Além de R$ 1.100,00 em dinheiro roubados, foram encontrados no carro uma televisão, um ferro de passar roupas, um aparelho de som e um notebook. Os criminosos alegaram que estes objetos já estavam anteriormente no automóvel.

“Embora já tivesse um possível relacionamento com Jair, o adolescente mais velho alegou que a vítima quis obrigar ele e outro menor a praticarem sexo juntos. Esta versão não foi confirmada por nenhum dos outros dois adolescentes” informou a Nota. 

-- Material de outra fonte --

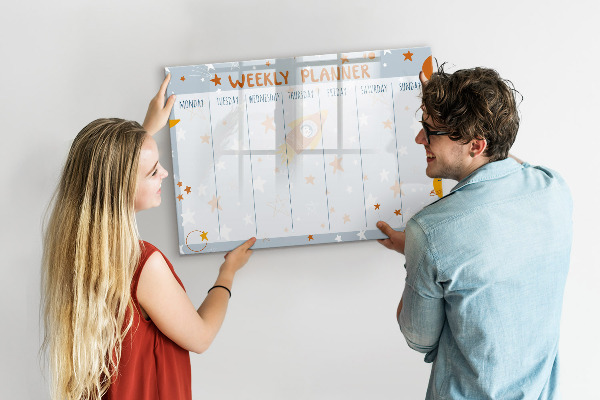 Decoratief glazen wandbord beschrijfbaar en magnetisch Weekplanner met ruimte voor foto's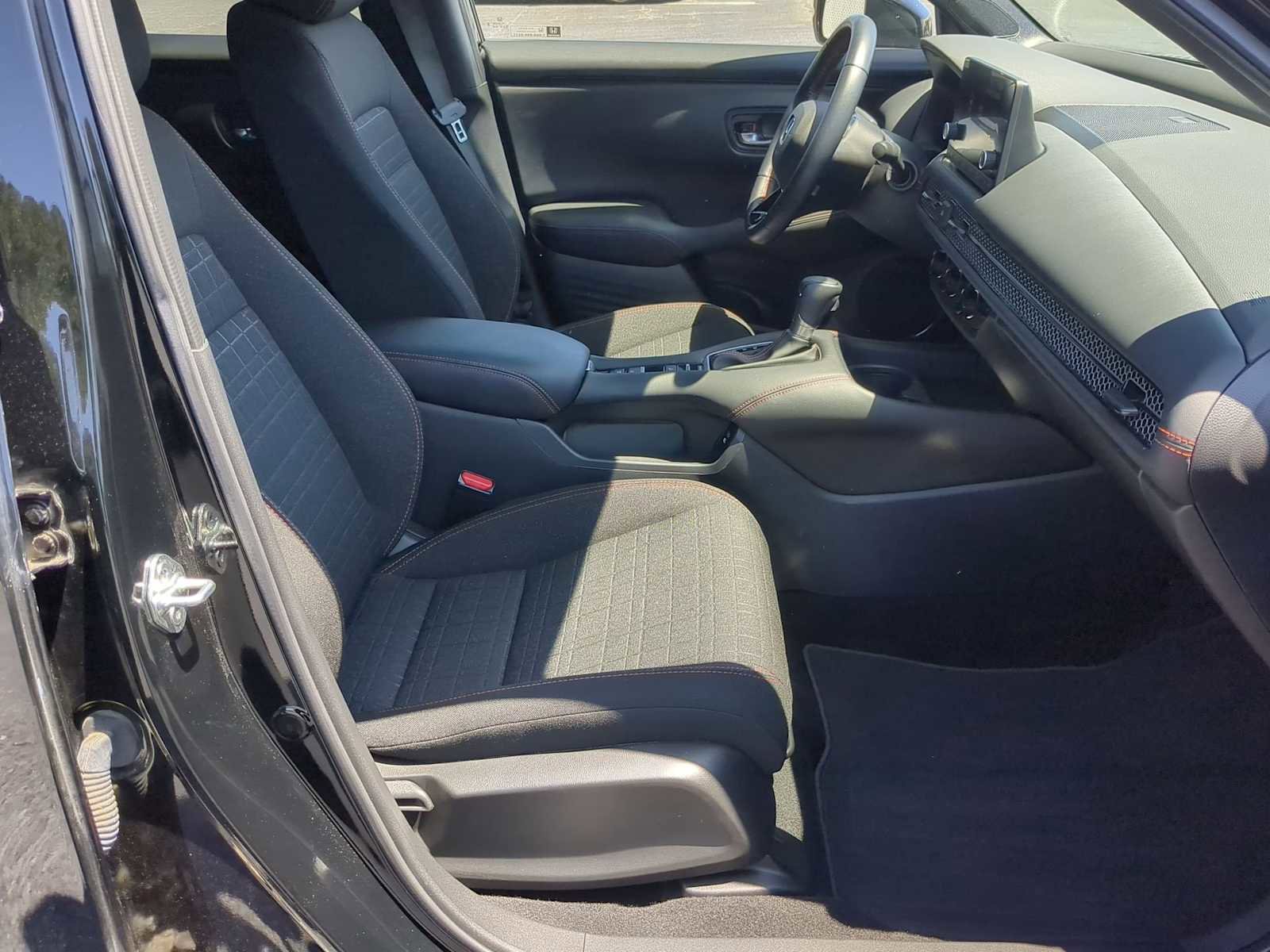 Used 2025 Honda HR-V Sport image 25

O adolescente mais velho ainda acusou o de idade intermediária de desferir os golpes de faca contra a vítima, mas este último relatou que os primeiro golpes foram realizados justamente pelo menor de 16 anos, e que ele “apenas terminou o serviço porque a vítima estava sofrendo”.

“Houve muitas divergências nas alegações dos três adolescentes, acerca dos motivos pelos quais foram à casa da vítima. Ouvimos sobre oferecimento de emprego, cobrança de dinheiro devido e até pegar dinheiro com um amigo. Tudo isso em evidente tentativa de negar a verdadeira motivação pela qual foram ao local dos fatos, ou seja, a prática de crime patrimonial”.

Os três menores foram representados pela prática de atos infracionais de latrocínio (roubo seguido de morte) e ocultação/destruição de cadáver, com audiência já designada para o próximo dia 13 de março.

“Por fim, salienta-se que, em caso de comprovação da participação dos adolescentes em hediondo crime, nos termos do artigo 121 do E.C.A. ‘em nenhuma hipótese o período máximo de internação excederá a três anos’, restando perguntar, após, exaustivo trabalho de investigação, ‘é o justo?!", cita o delegado, na Nota.